When tools are made from tool steels, the steel's inherent ideal characteristics, plus those actually derived from its heat treatment and manufacture, will seriously affect its service life.

Obviously, chemical composition is critical. You woldn't pick a steel low in heat-resistant alloys for a high-heat application, or use a highly alloyed tool steel for a simple carpenter's wood chisel. But even with the right alloy choice, it pays to understand the signs that the cutting tool or die that your shop is counting on so heavily has not been properly finished.

Making the grade

What are the key mechanical properties of a cutting tool or die? The hardness, toughness, heat resistance, and wear resistance of the final heat-treated tool. Carbon is the most important tool-steel element--it gives steel its hardness and contributes greatly to its wear resistance. Chromium, vanadium, molybdenum, tungsten, and cobalt (with sufficient carbon) contribute to wear resistance and can develop heat resistance and red hardness. Silicon and nickel contribute toughness to tool steels, and silicon can add heat resistance as well. Sulfur, carefully added in percentages up to 0.1, can improve machinability with no effect on other mechanical properties.

There are three general categories of tool steels (covering 71 of the 85 AISI standard analyses for tool steels):

1) Hot-work tool steels are used for forging, die-casting, and light-metal extrusion dies where the work temperature exceeds 400 F.

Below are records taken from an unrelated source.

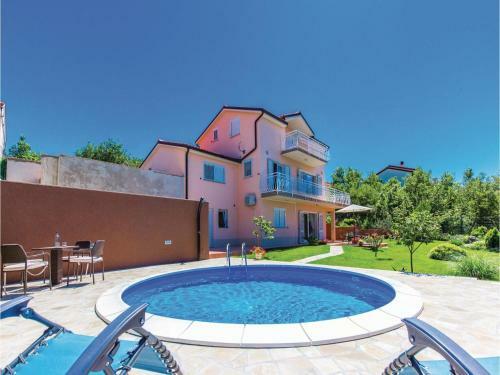 Apartamentos Holiday Home Jadranovo *lxv *
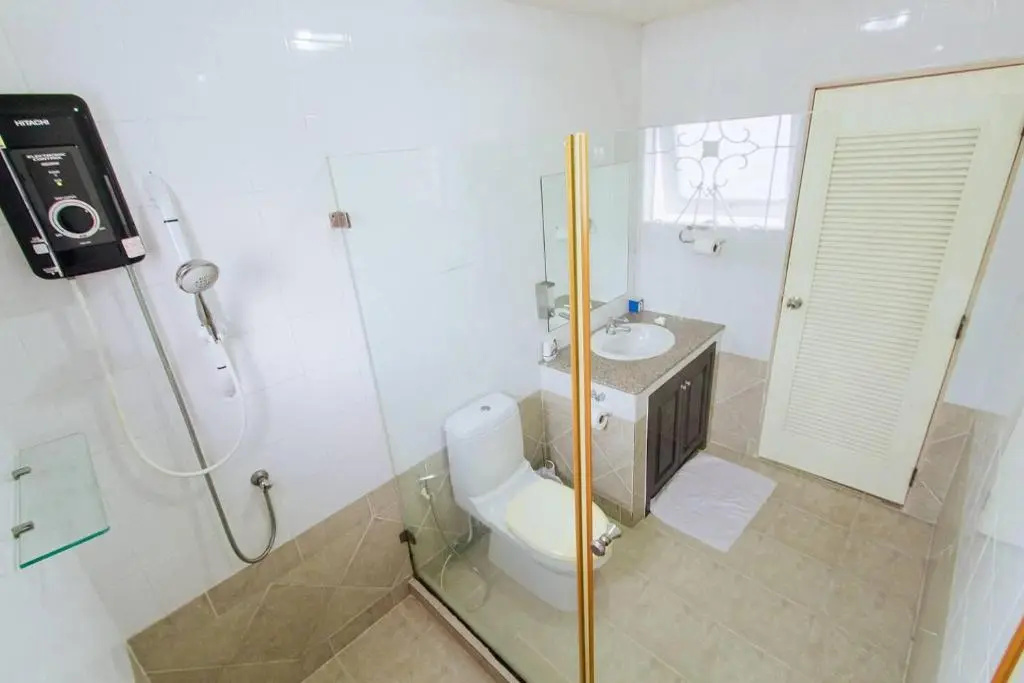 Captivating 3-Bed Villa in Muang Pattaya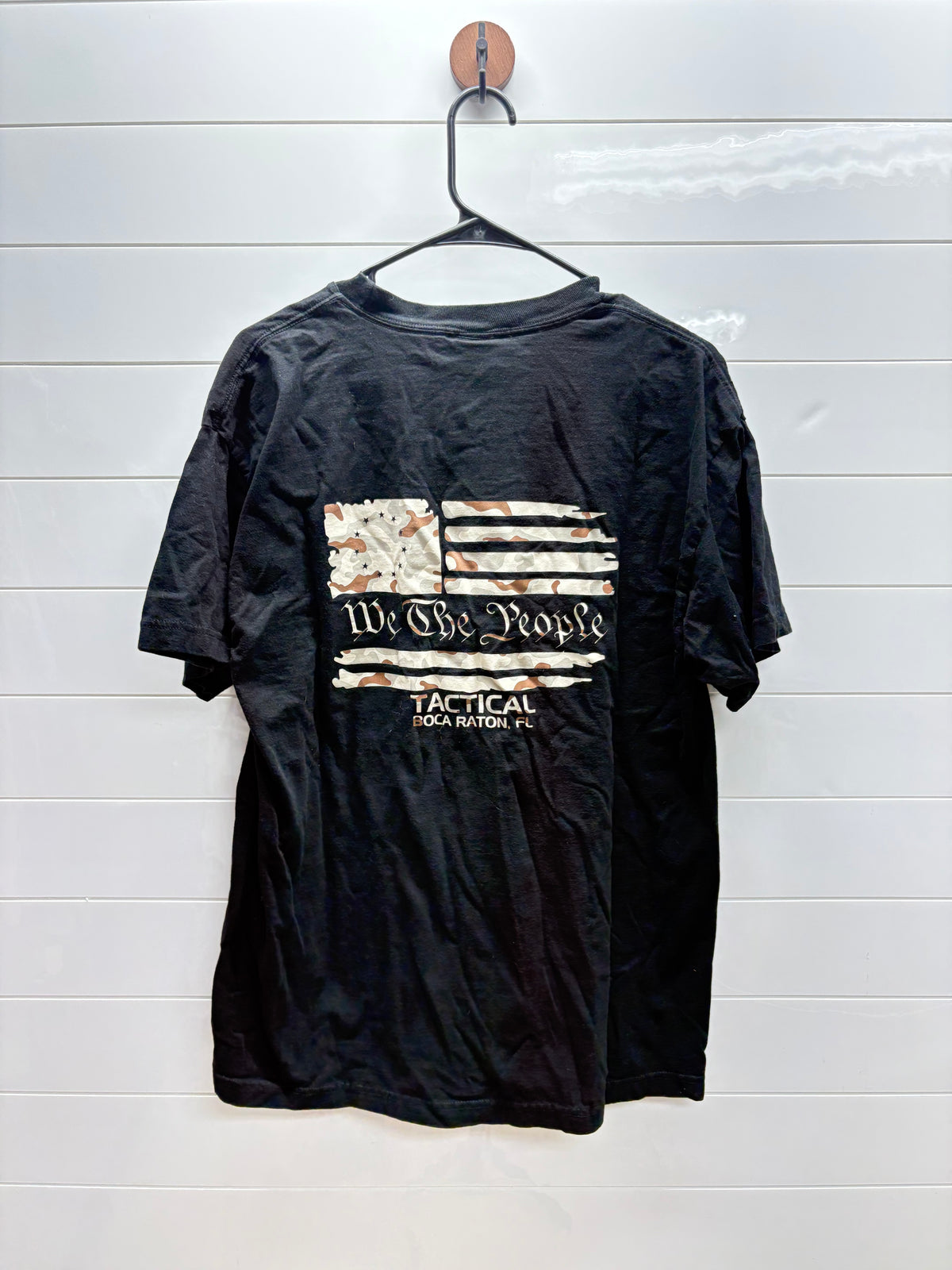 Men’s large tee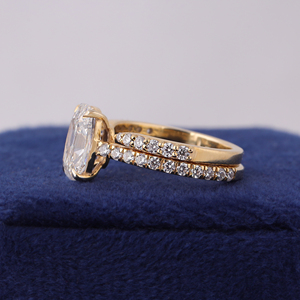 Ensemble de bagues de mariage en diamant de laboratoire IGI 5 carats, taille coussin, Or 14 carats, provenance mine ancienne - Product Image 2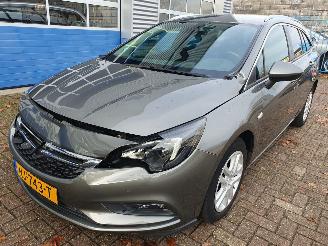 Schadeauto Opel Astra SPORTS TOURER 1.6 CDTI Online Edition 2017/2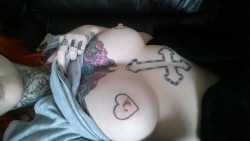 babyydoll666:  I wasn’t going to post his, but my boobs look good 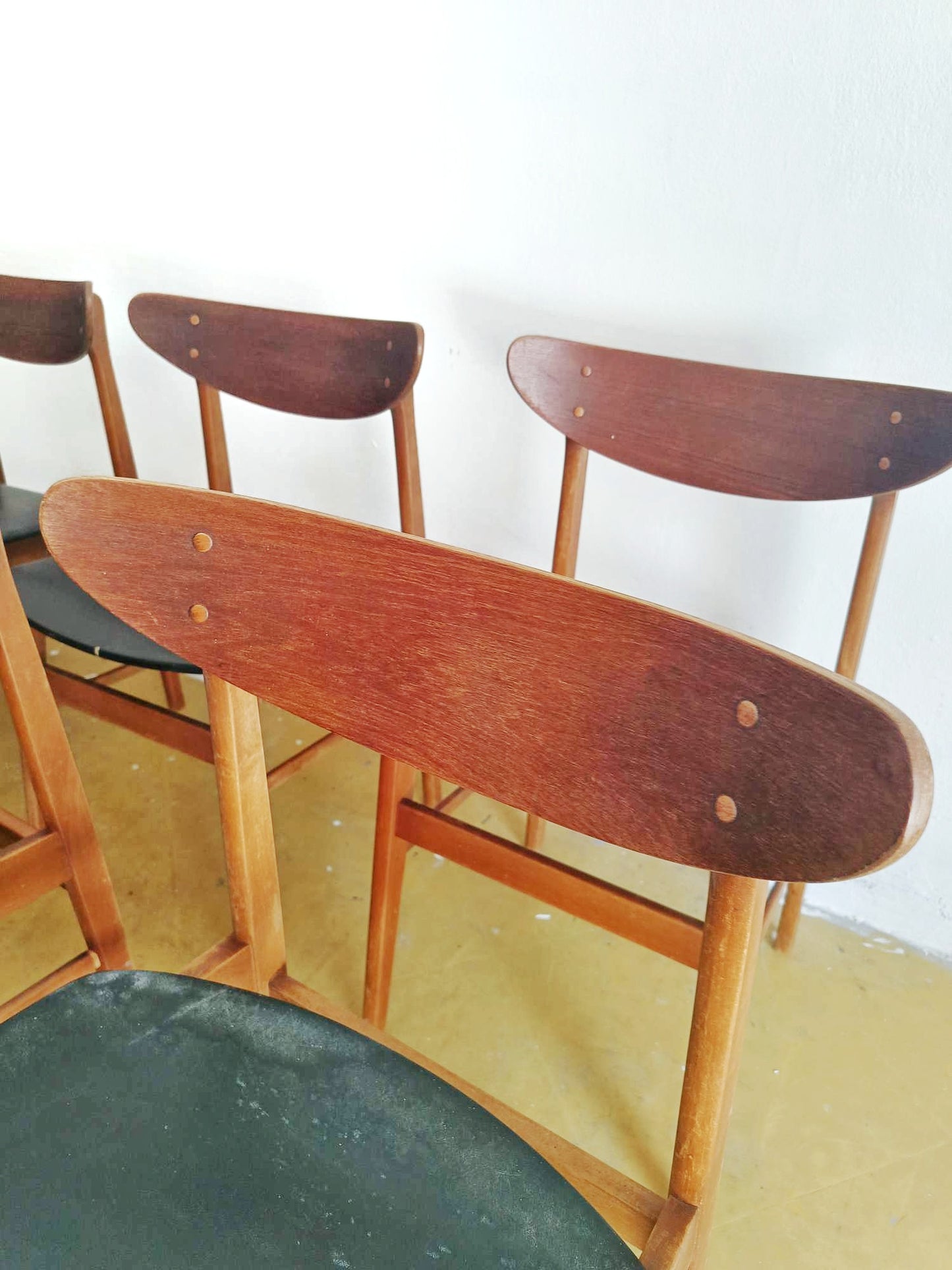 Sedie design danese vintage anni 50 [87j] * da ristoffare * misure L.45 H.78/45 P.45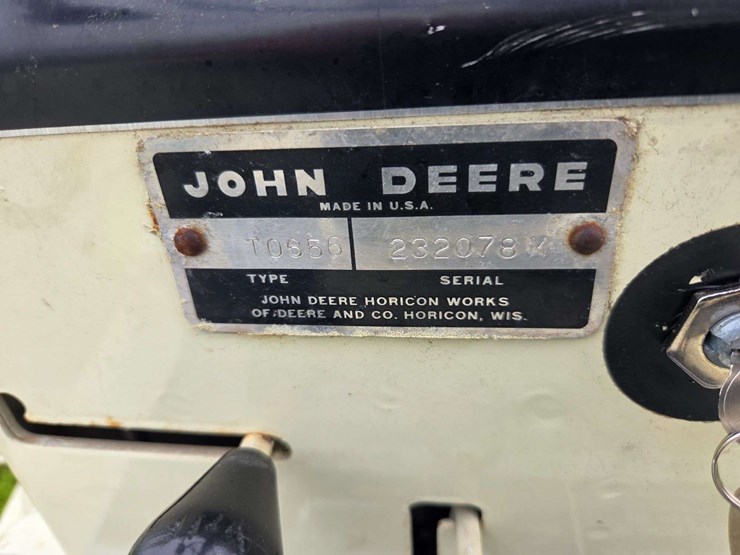 john-deere-112-image-8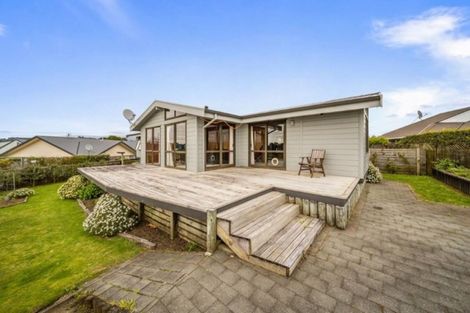 Photo of property in 9 Ash Place, Whalers Gate, New Plymouth, 4310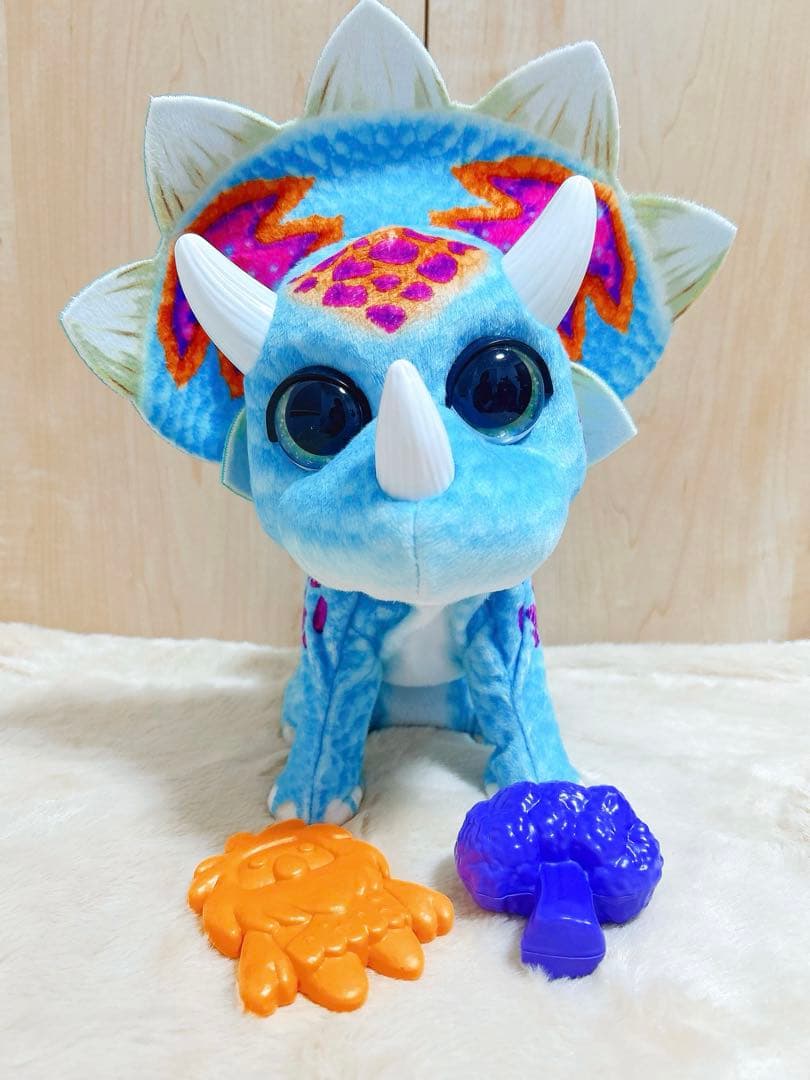 ファーリアル　トリケラトプス　人形　恐竜　FurReal ぬいぐるみ　レア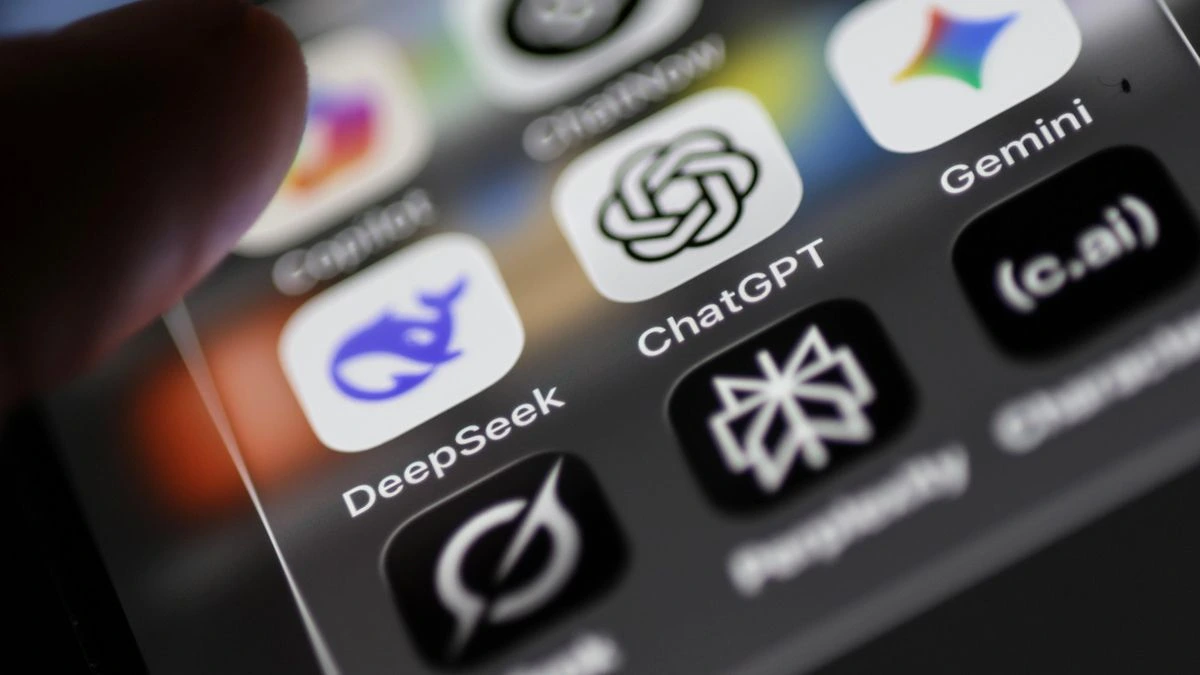 EEUU expulsa a la IA china DeepSeek del sector público y recrudece la guerra fría tecnológica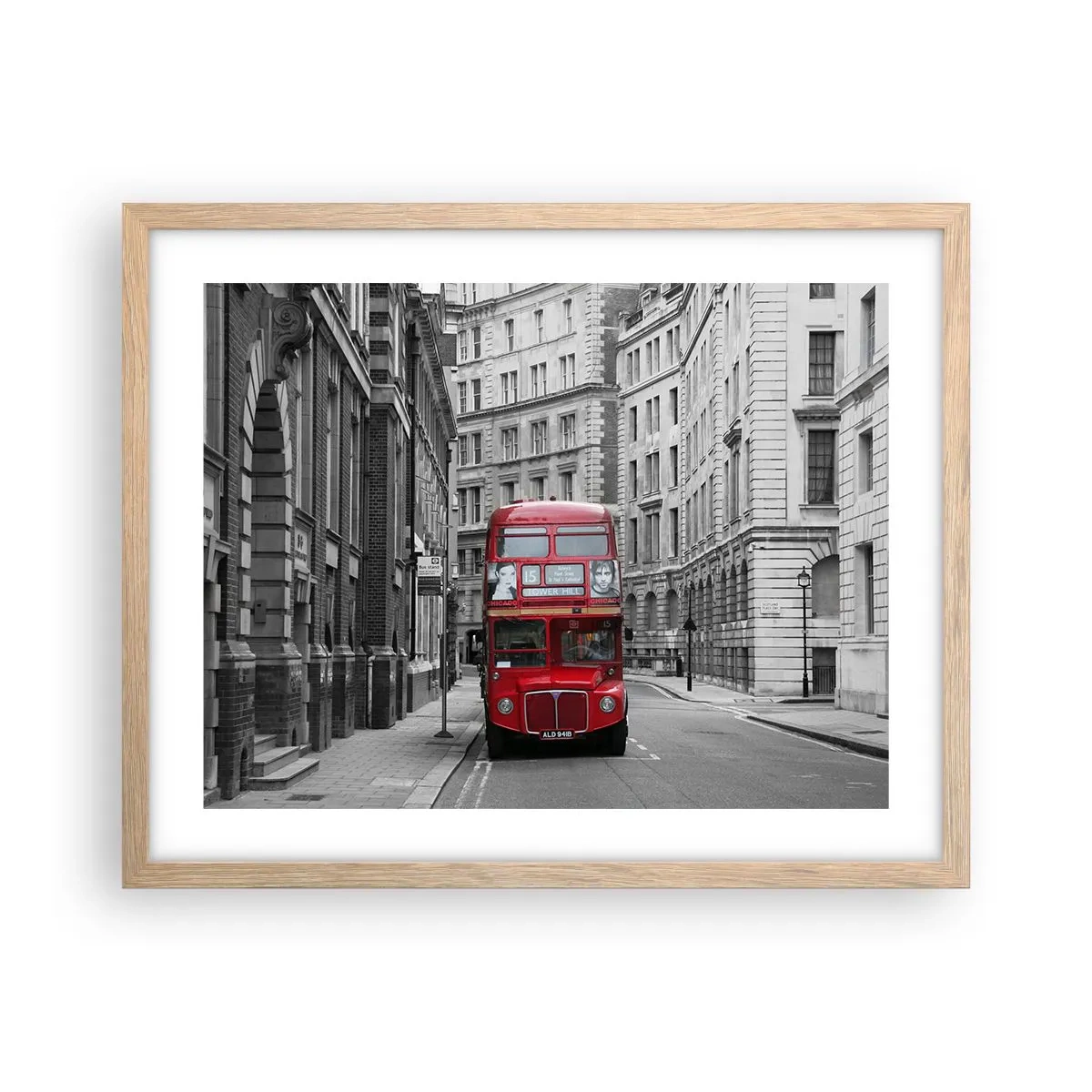 Een poster in een licht eiken lijst - Het dagelijkse leven hoeft niet grijs te zijn - 50x40 cm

These grades (AISI H12, H13, H21, and H42) are typically low in carbon with high percentages of alloying elements, particularly chronium, with varying amounts of molybdenum, tungsten, vanadium, and silicon. They exhibit excellent toughness, adequate hardness (Rc 55), and good working hardness to 1000 F, with the higher alloyed steels yielding greater heat resistance and elevated-temperature wear resistance at some expense in toughness.

A recent advance has been the higher vanadium steels with added carbon (Latrobe's Koncor, for example) that solve wear-resistance problems at high temperature, but are not advised for heat cracking or checking problems.

2) Cold-work tool steels are used for cold-heading, blanking, trimming, and other work where the temperature of die and work does not exceed 400 F.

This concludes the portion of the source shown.